* **SUPPLIED MATERIAL**:
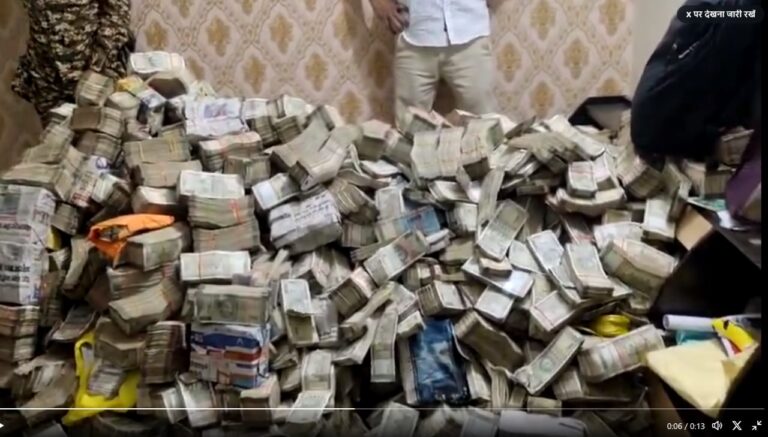 झारखंड के मंत्री के करीबी पर ईडी का शिकंजा, रेड में मिला 20 करोड़ रुपये कैश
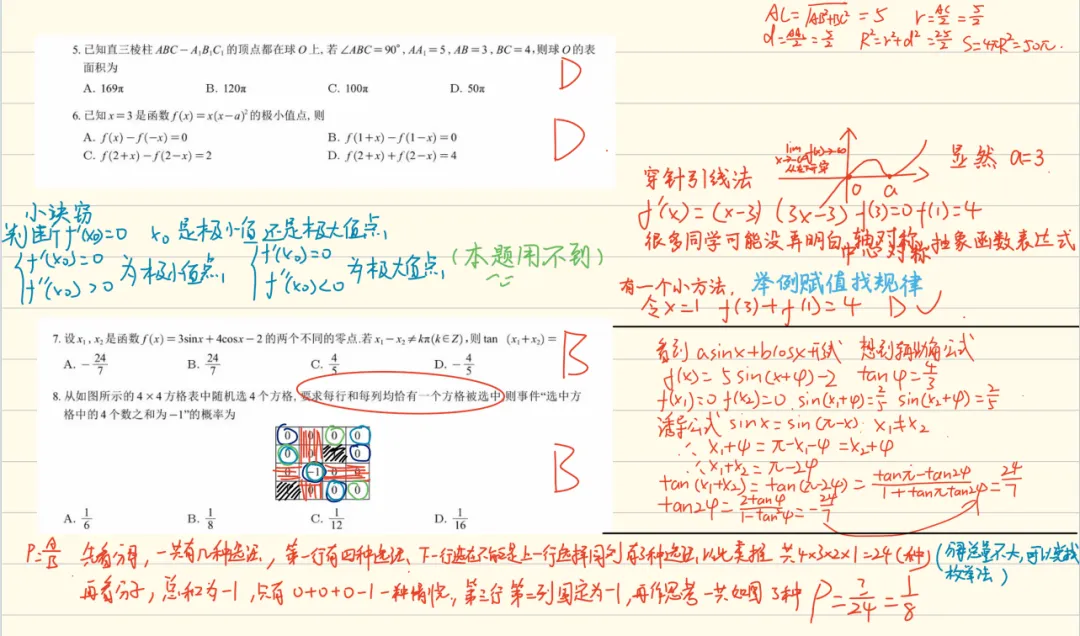 来看看学生写的试卷分析2,作者还是李应晨瑞-第7张图片-四季读书网
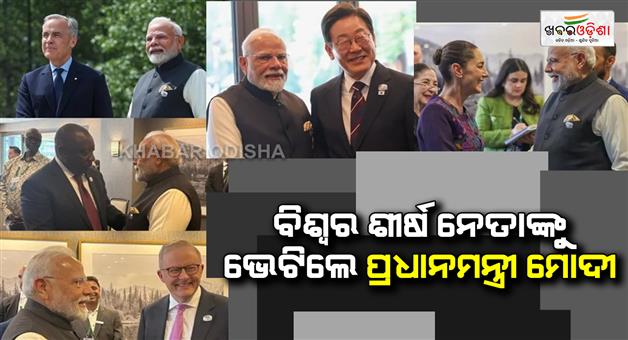 Khabar Odisha:PM-Modi-reached-Kananaskis-to-attend-G7-summit-welcomed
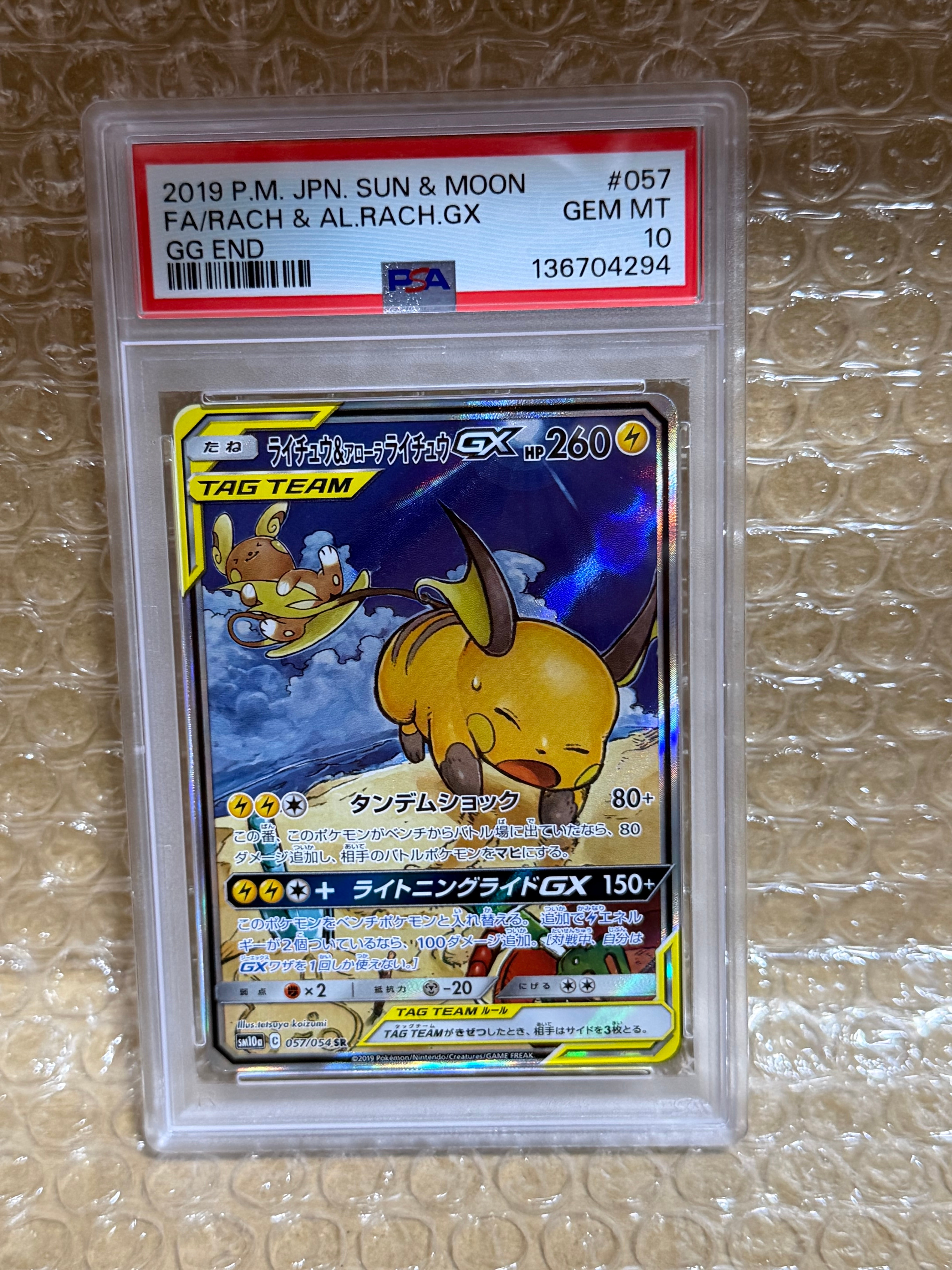 ライチュウ&アローラライチュウGX SR: SA[SM10a 057/054](強化拡張パック「ジージーエンド」)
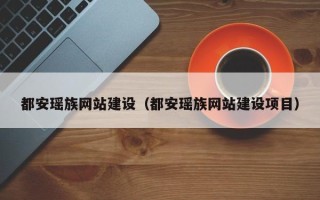 资兴都安瑶族网站建设（都安瑶族网站建设项目）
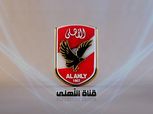 عاجل.. ماس كهربائي بقناة الأهلي يتسبب في إيقاف "برامج الهواء"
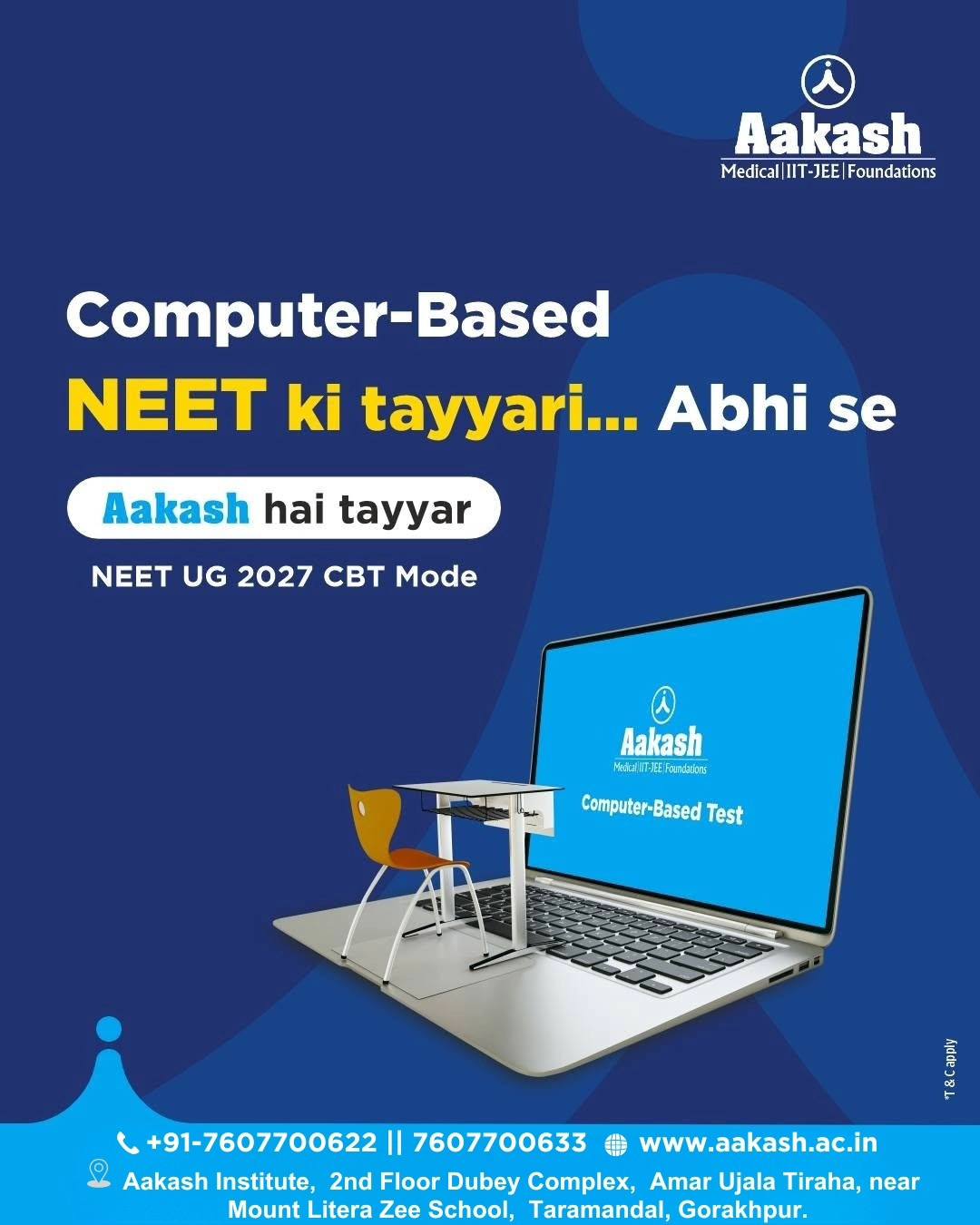 Aakash Institute Taramandal Gorakhpur Facebook ad
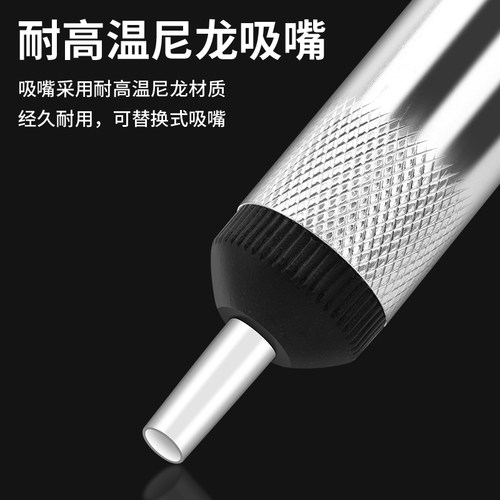 鹿仙子强力吸锡器吸锡泵电子拆焊清除锡渣焊锡工具手动真空吸锡枪 - 图2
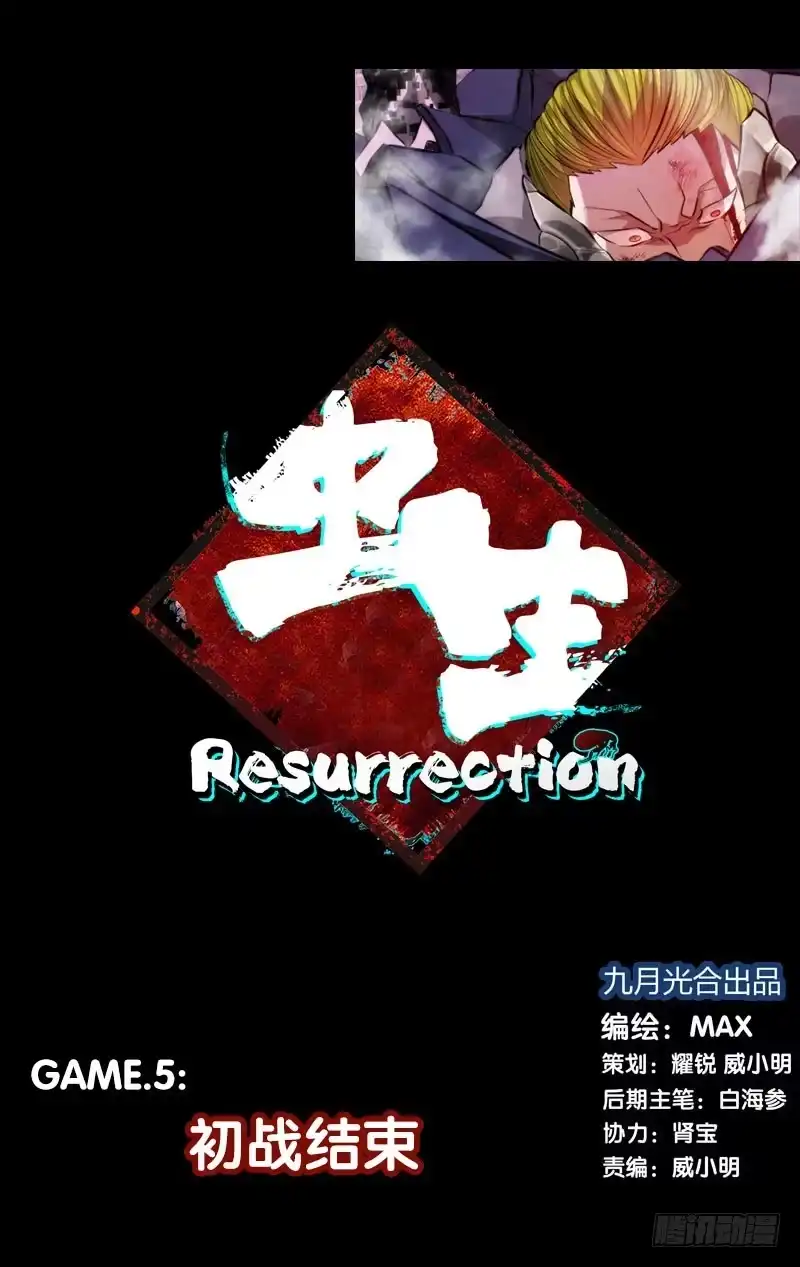 《虫生》5.初战结束 第1页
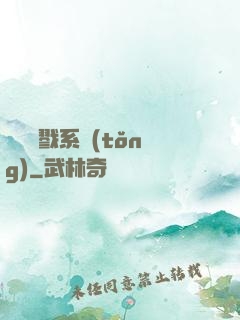 無敵殺戮系統(tǒng)
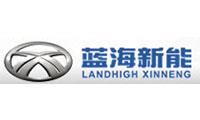 新鄉(xiāng)新能電動汽車有限公司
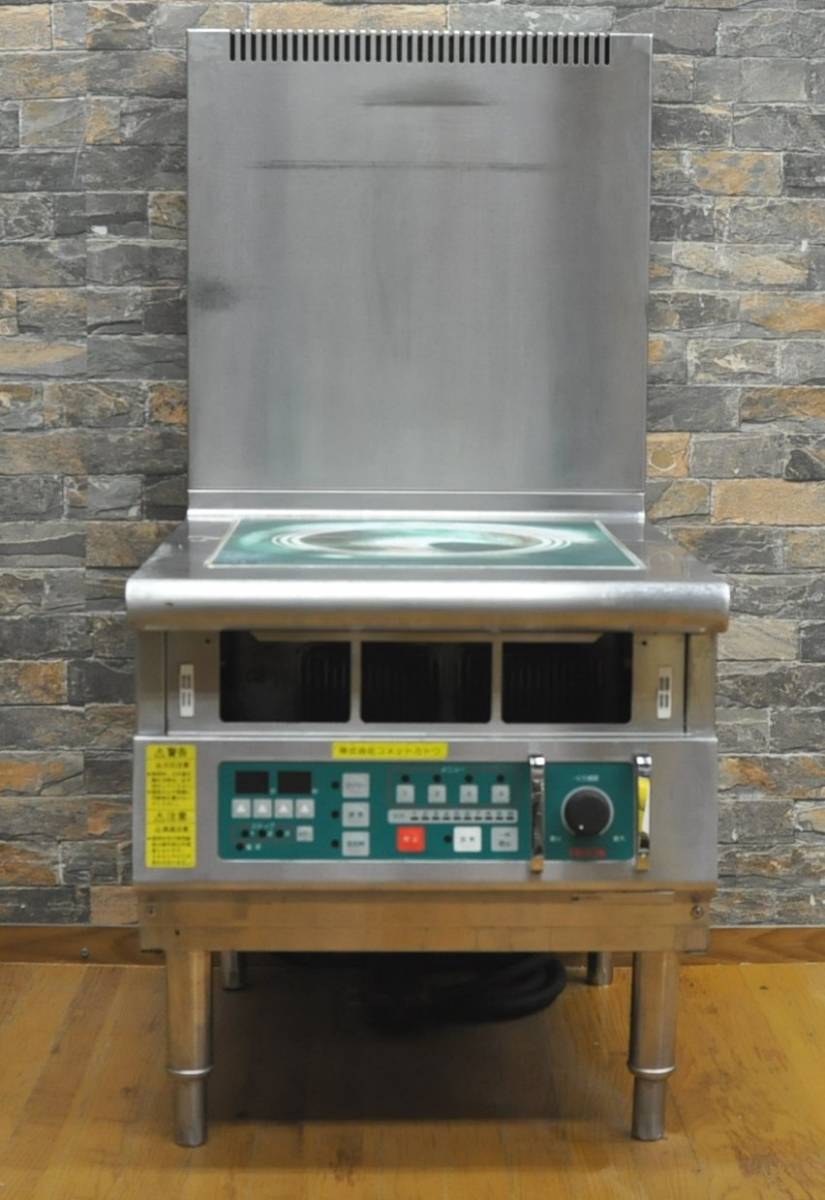 E031-2 コメットカトウ 電磁調理器 TIS-46-5L 三相200V W450×D600×H940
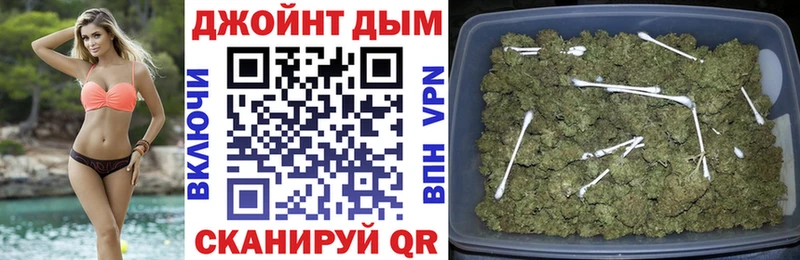 Купить где  Грязи  Бошки марихуана план 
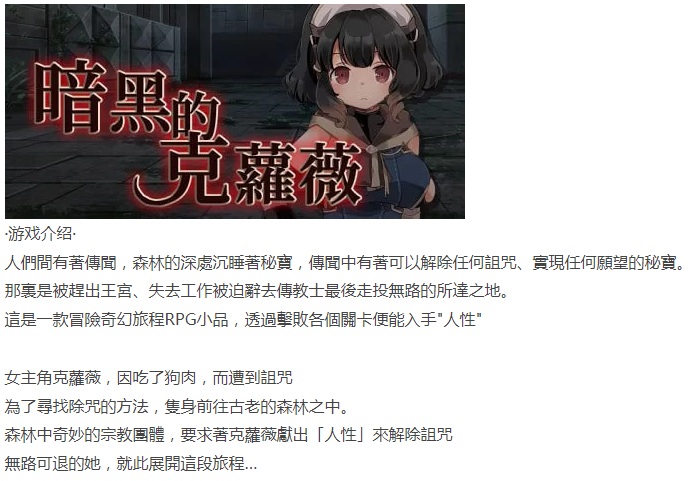  [战旗SRPG/幻想/PC] 克萝薇黑暗之星 官方中文版 [1+300M][百度盘] -第3张图片-萌站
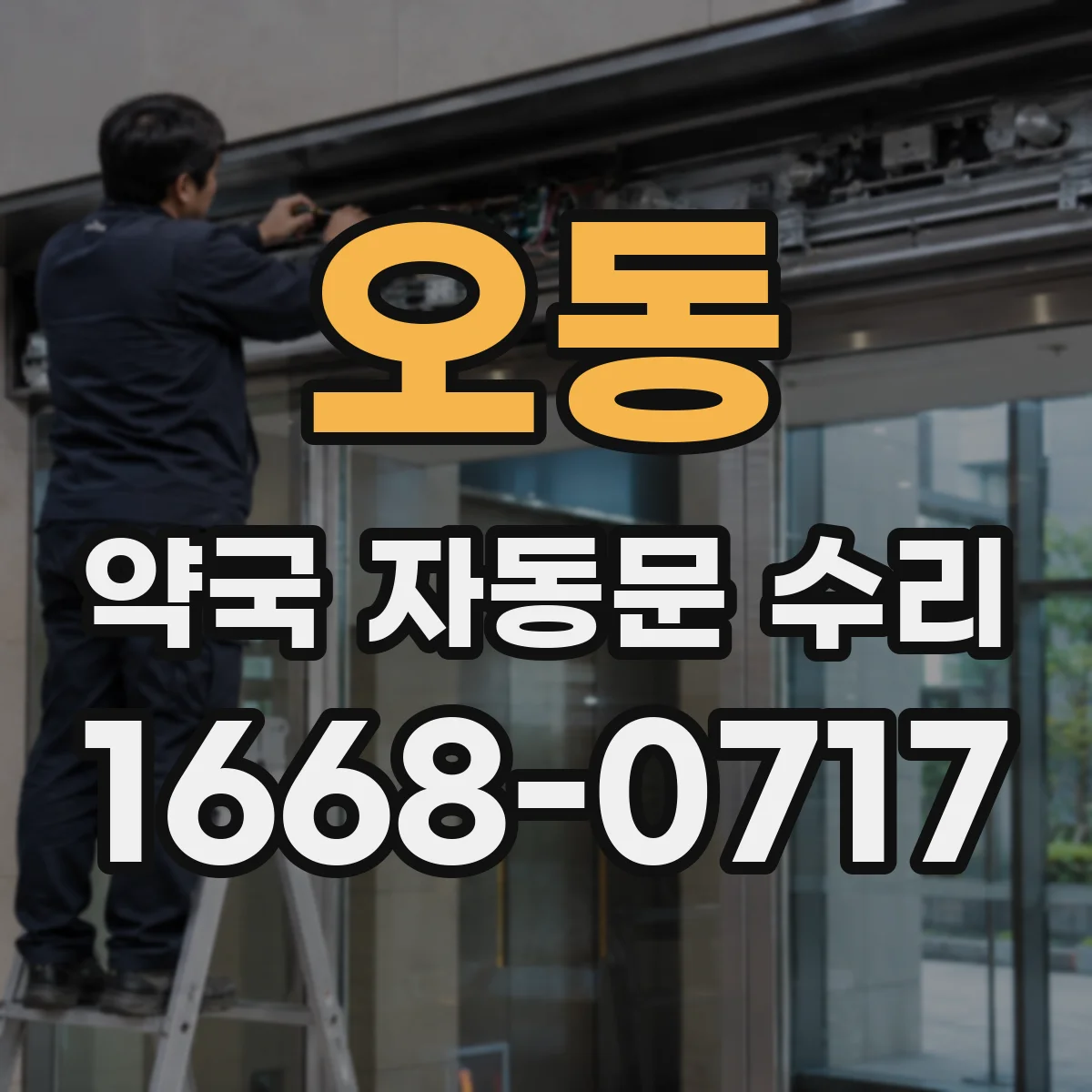 오동 약국 자동문 수리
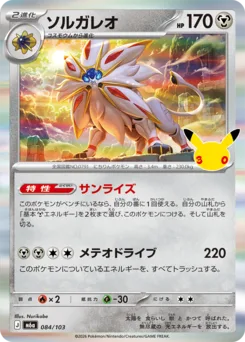 Solgaleo 30th Celebration Japanese 084/103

* **WORK ORDER**: Take the line containing "عاجل.. ماس كهربائي" and all lines after it to the end of the data above, and reproduce them exactly, leaving out pictures. Nothing else belongs in the copy.

* **SOLUTION TO THE PROBLEM**:
 عاجل.. ماس كهربائي بقناة الأهلي يتسبب في إيقاف "برامج الهواء"
 Aakash Institute Taramandal Gorakhpur Facebook ad
 鹿仙子强力吸锡器吸锡泵电子拆焊清除锡渣焊锡工具手动真空吸锡枪 - 图2
 《虫生》5.初战结束 第1页
 無敵殺戮系統(tǒng)
 新鄉(xiāng)新能電動汽車有限公司
 E031-2 コメットカトウ 電磁調理器 TIS-46-5L 三相200V W450×D600×H940
 Купить где  Грязи  Бошки марихуана план 
  [战旗SRPG/幻想/PC] 克萝薇黑暗之星 官方中文版 [1+300M][百度盘] -第3张图片-萌站
 오동 약국 자동문 수리
 Solgaleo 30th Celebration Japanese 084/103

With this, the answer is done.